The staff end keeps falling off. I'm definitely going to have to pin it once my order gets here and I do the staff conversion. Damn shame too, I thought finecast would eliminate pinning. At least it will be ten thousand times easier.

A few more shots before I am gone for the weekend:


----------



## Parasyte (Feb 14, 2011)

I love the model so far!
Your plastic glue conundrum would be due to the fact that finecast is resin not plastic, you would have better luck detaching all of the part and using superglue.


----------



## Djinn24 (Jan 12, 2008)

Bring your boobs closer together, they are unnaturally far apart.


----------



## Deneris (Jul 23, 2008)

djinn24 said:


> Bring your boobs closer together, they are unnaturally far apart.


And Djinn knows boobs... :grin:


----------



## Djinn24 (Jan 12, 2008)

Look at mine everyday, my bad, my moobs .


----------



## Iron Angel (Aug 2, 2009)

Final cut. I've literally cut off as much as I can without mutilating the model. It looks a hell of a lot better than when it started.

Hopefully my paints will arrive tomorrow or the day after so I can actually paint it instead of sitting here staring at it.

I'll do the final cleanup once its all dry, then wait.


----------



## Iron Angel (Aug 2, 2009)

Some more pics, my B&K order came in so I have my milliput and my bits now.
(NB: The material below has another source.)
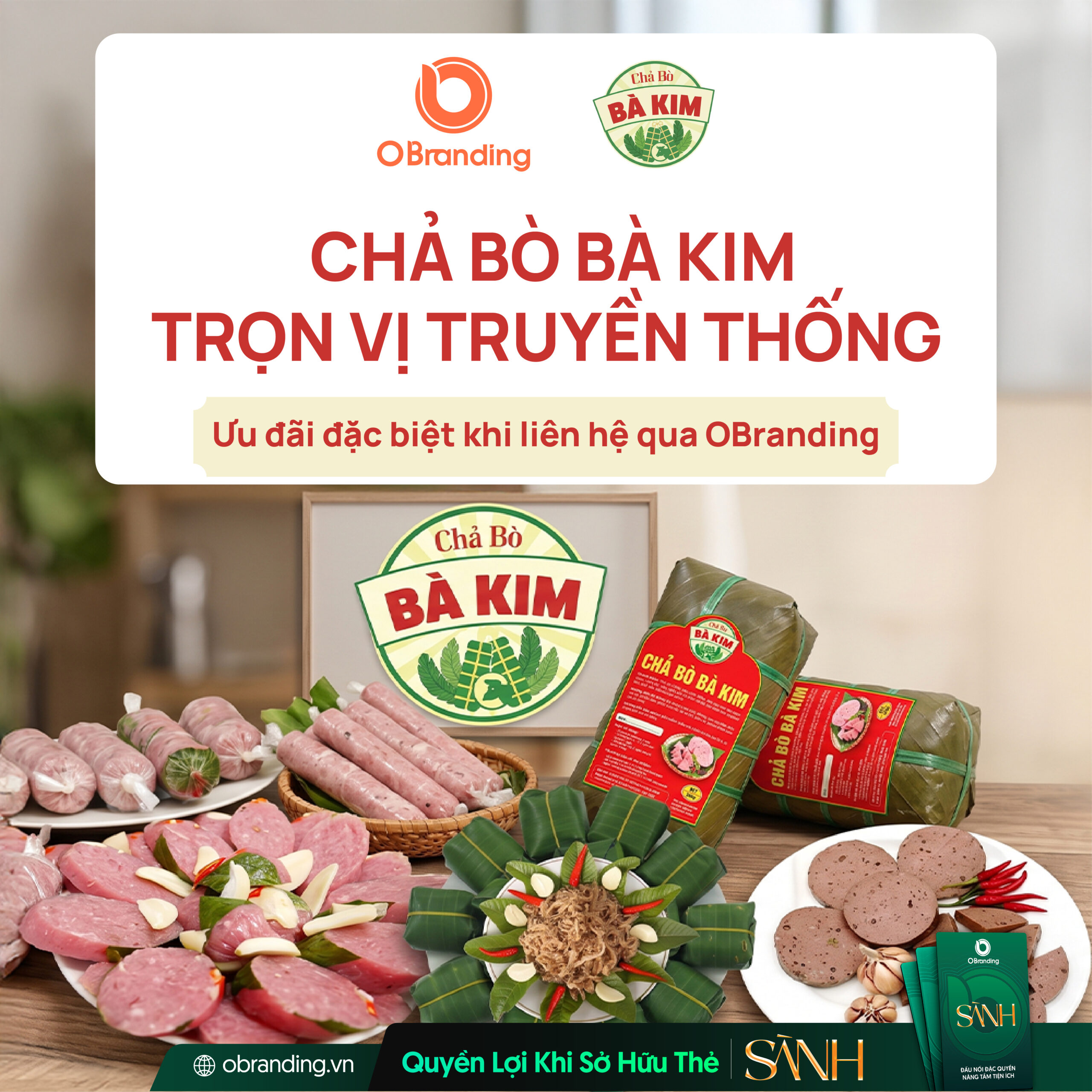 CHẢ BÒ BÀ KIM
Only thing I am iffy on is those back arches. They make the model look sort of... I don't know. What do you guys think?


----------



## Iron Angel (Aug 2, 2009)

Final sculpt:










































Now, just to do the final cleanup and wait for my paint to arrive.


----------



## Inari82 (Dec 6, 2011)

I'm loving it, specially the war scythe. Can't wait to see it cleaned up and painted.


----------



## Iron Angel (Aug 2, 2009)

Paint got delayed due to floods. Dammit! I hope it comes tomorrow, then I can take it with me when I leave for the weekend...


----------



## Iron Angel (Aug 2, 2009)

Gah, still nothing. It will be monday before I have anything new for you guys.


----------



## CaptainQuackers (Jan 4, 2012)

I'm really liking it so far. I was a little dubious of the breasts at first and it looked very cluttered, but now with the larger weapon and the back arches, as well as the modelling stuff you put on I think it looks fantastic, can't wait to see it painted!


----------



## arumichic (May 14, 2011)

Agreed. Really nice looking and that little plate in front of the face makes the boobs look a bit more natural. I'll be keeping tabs on you from now on.


----------



## Iron Angel (Aug 2, 2009)

Basecoat!


----------



## Iron Angel (Aug 2, 2009)

Paint so far.

Still have to do a few details and the face.


----------



## Kreuger (Aug 30, 2010)

I think the weapon and back decorations are working. I think the boobs are still suspect. Between the collar and the bust, your necron is frightfully well endowed, and that puts a ton of mass on the front of the model. And I'm not sure the fins balance it out.


----------



## Iron Angel (Aug 2, 2009)

Possibly, but that was actually the point. I wanted her to be colossal in stature. Heres more, with the face and some weapon details done. Only two things to do after this, and thats touch-up and basing.


----------



## Disciple_of_Ezekiel (May 23, 2010)

Hello Iron Angel,

I like the conversion you have made, she has that "I'm going to jack you up" look about her.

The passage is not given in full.